Cet essai est une présentation de la thèse de Doctorat de l'autrice,
Samia Langar, qui s'est plongée pour l'occasion dans le milieu éducatif du plateau des Minguettes, quartier politique de la ville de la commune de Vénissieux en métropole Lyonnaise. Dans ce quartier d'où toute mixité sociale et culturelle a disparu, responsables d'établissements scolaires, enseignants et parents d'élèves s'interrogent sur l'avenir des enfants qui y vivent, portant un fort sentiment d'exclusion, de relégation et d'isolement.
L'autrice commence son propos par un retour sur l'histoire de ces quartiers Politique de la Ville, qui furent un temps des lieux d'ascension sociale et de mixité culturelle, avant de voir les familles d'origine italienne ou espagnole ou les classes populaires françaises "blanches" les quitter petit à petit pour ne réunir depuis le début des années 1980 que des familles françaises de culture musulmane et originaires du Maghreb, d'Algérie pour l'essentiel en ce qui concerne les Minguettes.

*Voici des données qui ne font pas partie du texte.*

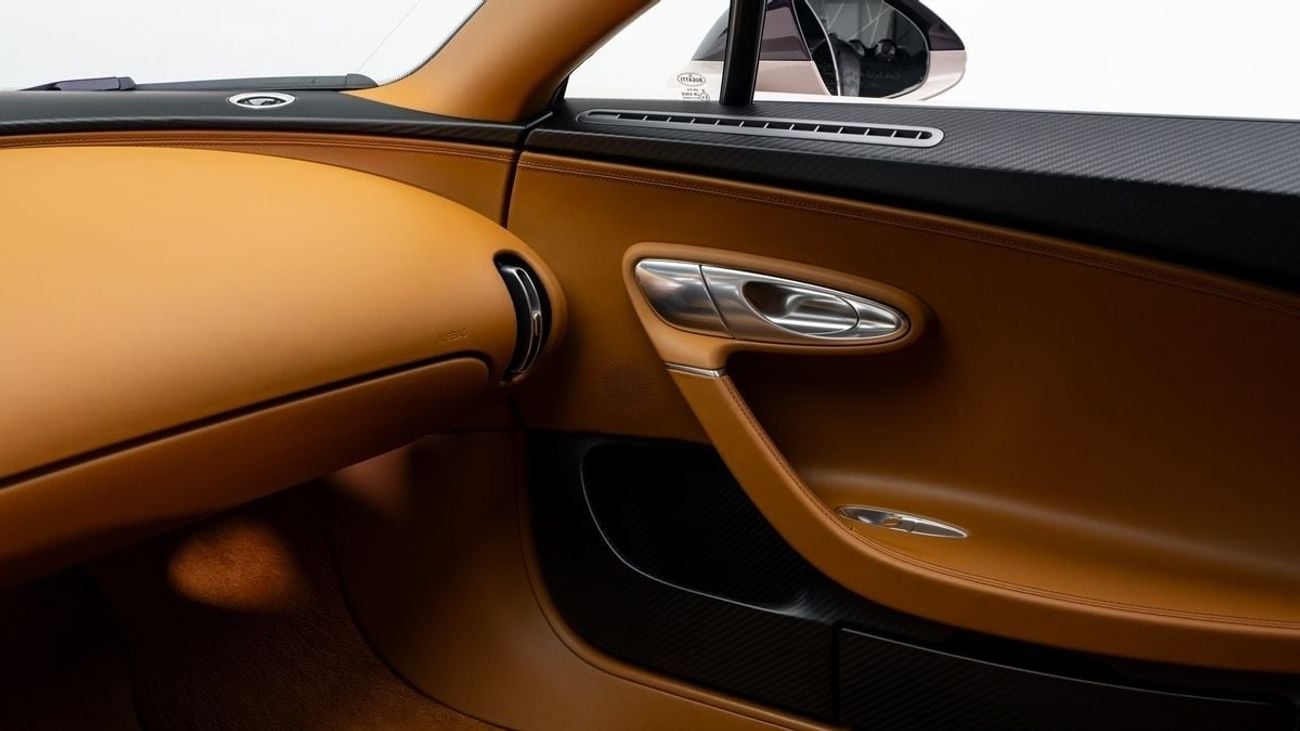 Bugatti Chiron STD - 2018 - GCC Specs - Under Dealer Warranty and Service Contract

Samia Langar se tourne alors vers les responsables d'établissements, puis les enseignants et enfin les parents. La thèse de l'autrice, appuyée très largement sur de nombreuses ressources bibliographiques et sur les entretiens réalisés, est que la question de l'islam à l'école n'est que "l'arbre qui cache la forêt" comme elle le dit dans diverses interviews. le sujet de l'islam est d'abord celui de l'exclusion, du déclassement social, des discriminations sociales et culturelles, de la précarité et de la ghettoïsation de certains territoires, de l'absence de toute mixité. Dans ces quartiers, les populations, françaises depuis plusieurs générations, qui sont exclues de l'emploi, des logements ou des stages, en raison d'un nom de famille, d'un lieu de résidence ou d'une différence visible.

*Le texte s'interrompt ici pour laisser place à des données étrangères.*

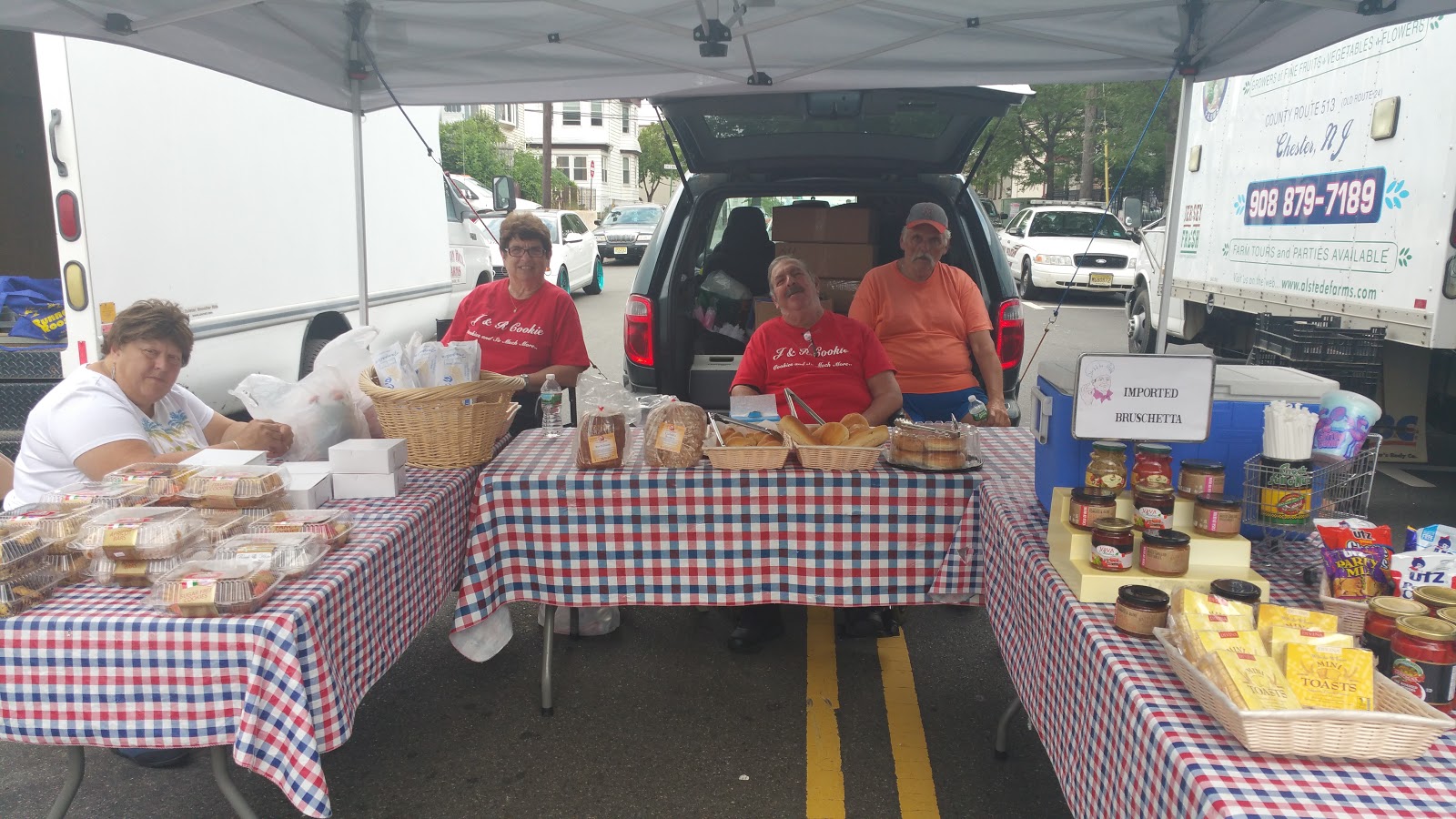 Photo of Kearny Farmers' Market in Kearny City, New Jersey, United States - 4 Picture of Food, Point of interest, Establishment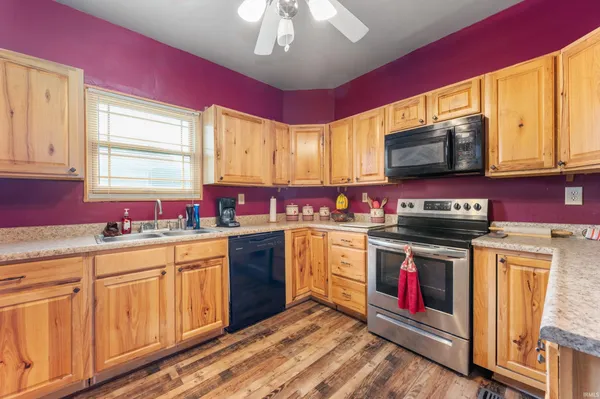 $155,000 | 1103 West Oak Street, Union City, IN 47390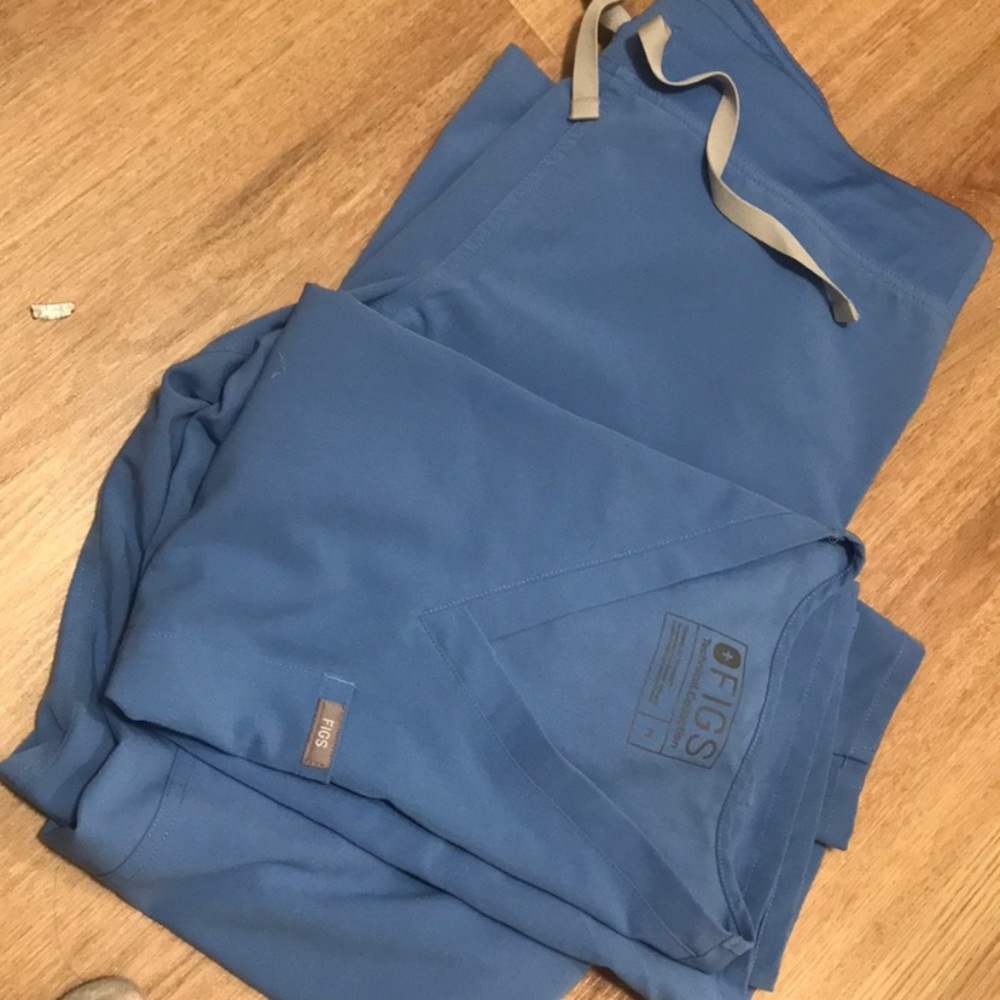 Figs scrub set. Ceil blue.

Samia Langar s'appuie sur le concept de "reconnaissance", ou de déficit de reconnaissance, développé par
Axel Honneth, pour construire son analyse. Ces quartiers en mal de reconnaissance se tournent vers les ressources qui peuvent leur permettre de retrouver la force et la fierté de leur histoire. Quand leurs parents se sont éloignés de la religion et de la culture de leurs aïeuls, et constatant les discriminations qu'ils subissent malgré tout, leurs enfants reviennent avec d'autant plus d'ardeur vers leurs racines, et vers l'islam. Mais pour les familles interrogées ici, il s'agit d'un islam cultivé : les parents, souvent sous l'impulsion des mères, lisent et se forment, assistent à des conférences ou se rendent à la Mosquée pour se former à un islam choisi et adapté aux attentes de chaque famille.

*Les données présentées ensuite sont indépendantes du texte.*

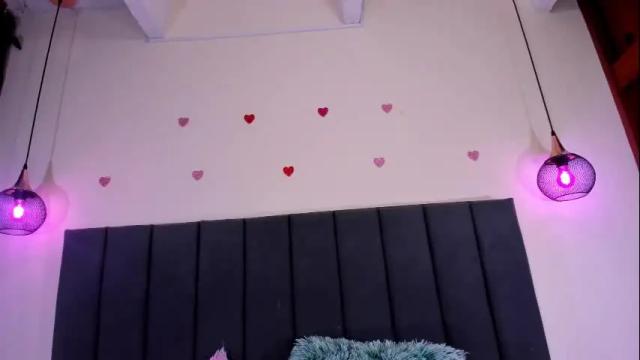 Image 12 of crystalbaby00 Stream on Chaturbate on 11 days ago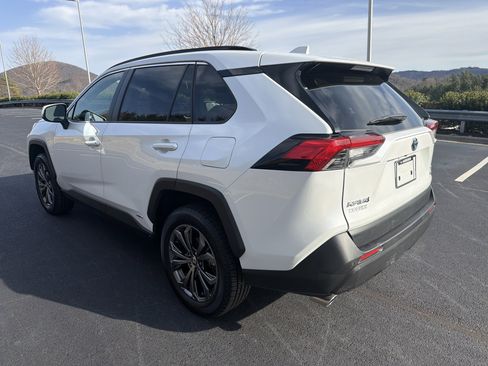 Certified 2023 Toyota RAV4 XLE Premium image 6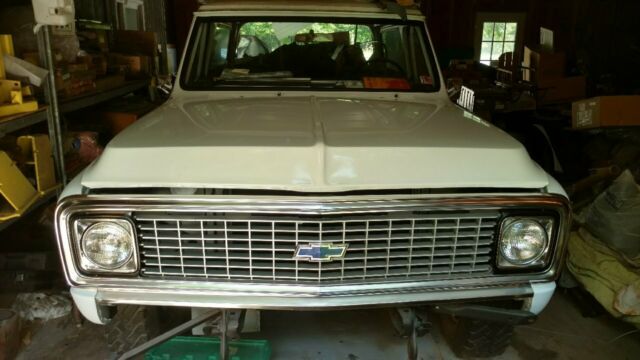 1972 White Chevrolet Blazer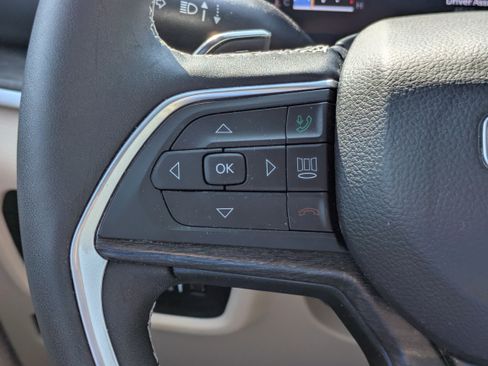 Used 2024 Jeep Grand Cherokee Limited RWD image 12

Beaucoup de sujets essentiels sont abordés dans ce livre : celui de la laïcité d'abord, de la place de l'islam dans l'école, le voile bien sûr et la loi de 2004 sur l'interdiction des signes ostentatoires à l'école. La question de l'enclavement et de la précarisation de ces territoires est également prégnante. A la lecture de cet essai, le retour/recours à l'islam des familles et des quartiers ne semble être que la conséquence d'une discrimination toujours plus grande sur certains territoires et de certaines populations. Les revendications (voile, halal, enseignements...) semblent, elles, être marginales, aux dires des responsables d'établissements comme des enseignants (et ce malgré quelques accommodements qui laissent songeurs...) : la préoccupation de tous, parents comme professionnels, est celle de la réussite scolaire, à travers notamment l'accès à une culture d'héritiers. La foi des familles en l'éducation et leur très forte perception des enjeux d'une scolarité réussie, les conduit à mettre en place des stratégies devant concourir à la réussite de leurs enfants, que ce soit dans l'école publique (qui les a pourtant souvent exclus, lorsqu'eux-mêmes étaient enfants), dans des écoles privées catholiques ou des écoles musulmanes. Comme tous les parents, ceux des quartiers populaires rêvent de réussite et d'ascension sociale pour leurs enfants. Mais la confrontation avec la réalité les rend souvent amers et les conduit vers un islam leur permettant de trouver
la reconnaissance à laquelle ils aspirent.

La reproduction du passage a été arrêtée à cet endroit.